DATASET SECTION:
----------

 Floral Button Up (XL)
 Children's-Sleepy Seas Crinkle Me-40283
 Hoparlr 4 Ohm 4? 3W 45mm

----------

WORK INSTRUCTION: Give back exactly the lines beginning at the one with "Children's-Sleepy Seas Crinkle Me-40283" and ending at the final line of the material; both boundary lines belong in it.

OUTPUT OF THE TASK:
 Children's-Sleepy Seas Crinkle Me-40283
 Hoparlr 4 Ohm 4? 3W 45mm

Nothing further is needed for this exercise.